— Exercise requirements —
Could you return, exactly as written, every line from the one containing "4 door & drawer cabinet" through the last line of the entries below, leaving out the pictures?
*** Opening Dataset extract ***
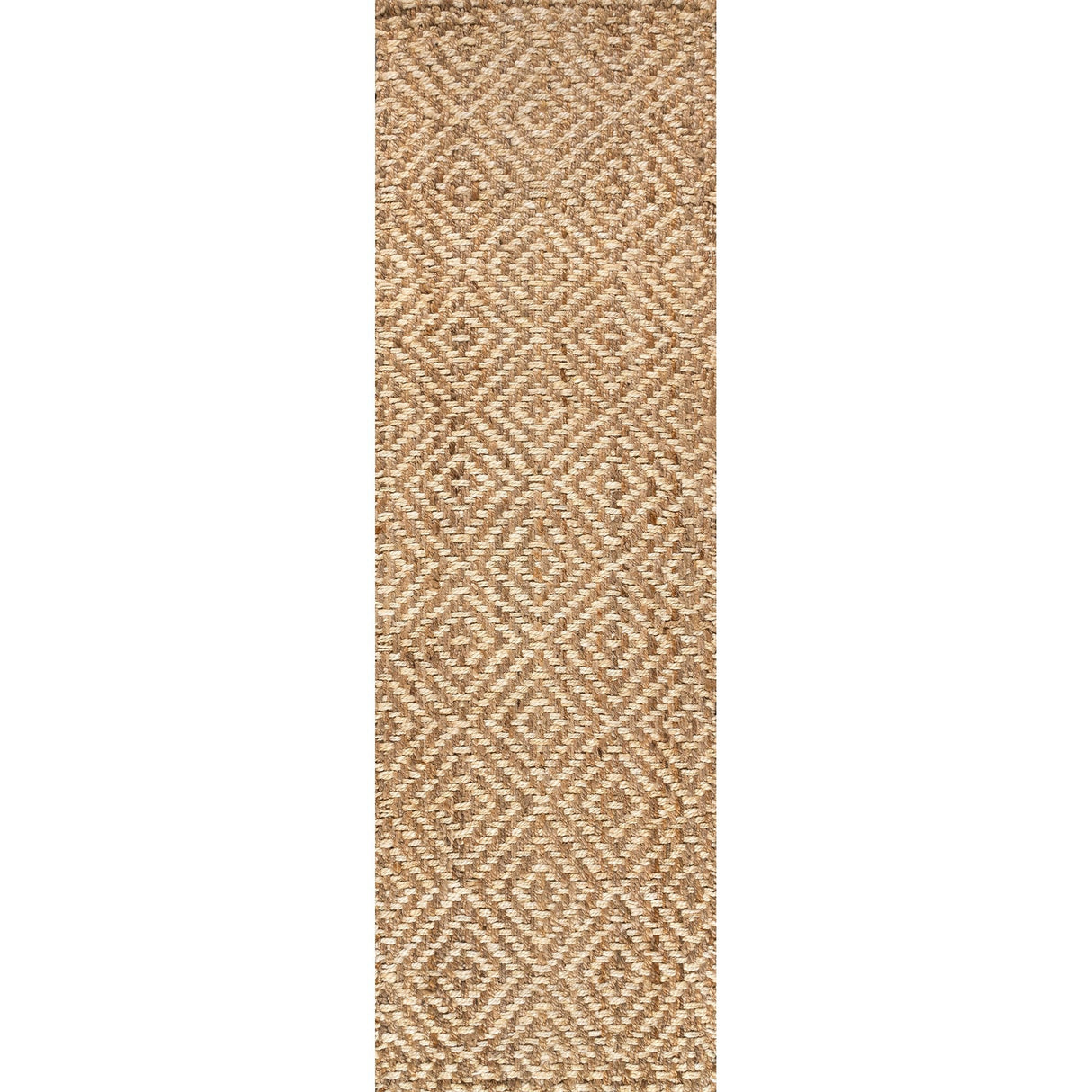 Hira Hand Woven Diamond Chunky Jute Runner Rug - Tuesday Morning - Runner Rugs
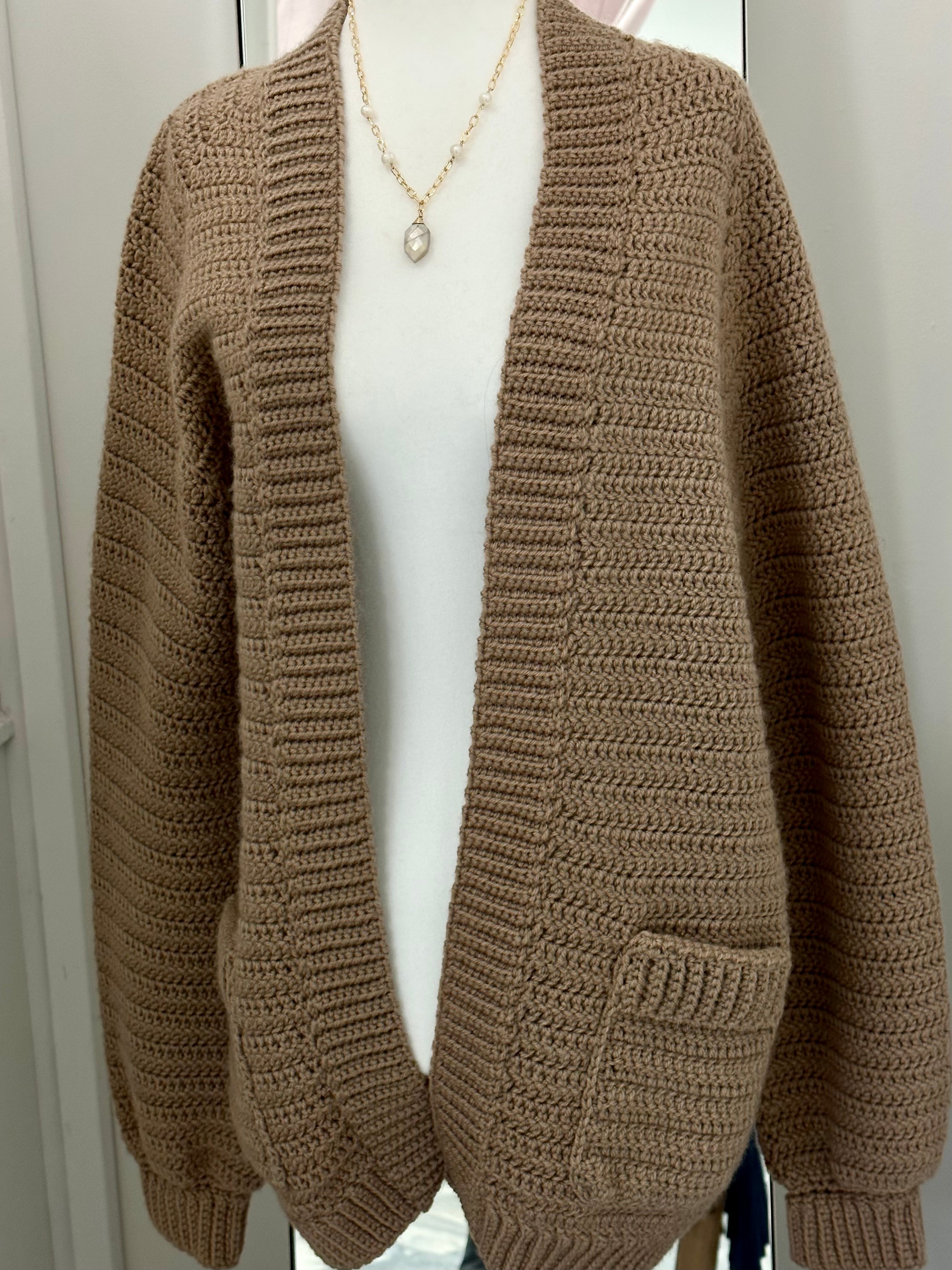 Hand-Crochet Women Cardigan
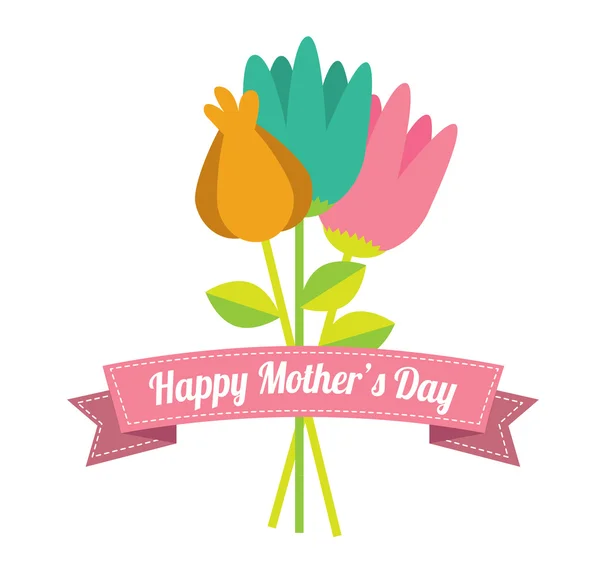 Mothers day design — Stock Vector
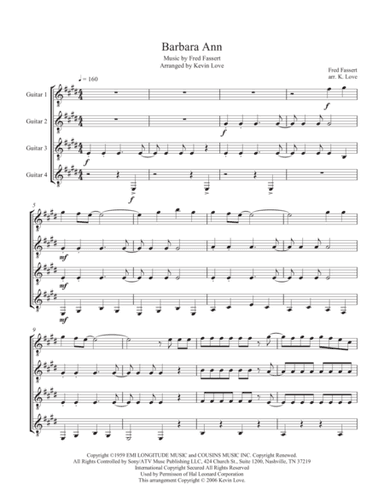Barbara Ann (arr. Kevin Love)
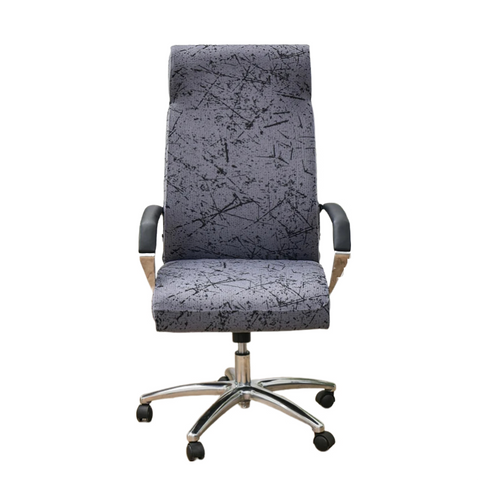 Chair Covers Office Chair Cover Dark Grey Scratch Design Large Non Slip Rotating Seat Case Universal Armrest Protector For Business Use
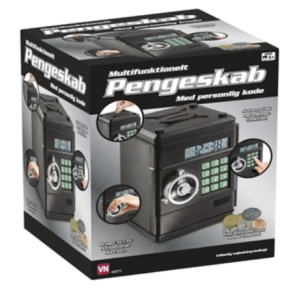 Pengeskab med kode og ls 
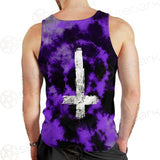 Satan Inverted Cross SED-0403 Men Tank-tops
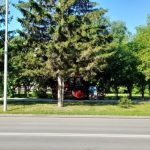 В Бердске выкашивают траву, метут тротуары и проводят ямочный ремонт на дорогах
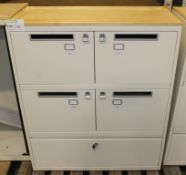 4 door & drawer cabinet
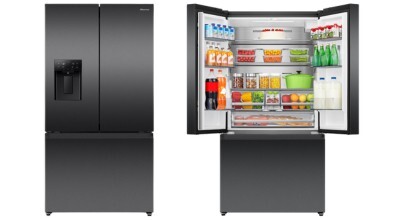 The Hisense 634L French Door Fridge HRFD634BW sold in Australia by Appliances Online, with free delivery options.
*** Closing Dataset extract ***
— Result of the task —
 4 door & drawer cabinet
 The Hisense 634L French Door Fridge HRFD634BW sold in Australia by Appliances Online, with free delivery options.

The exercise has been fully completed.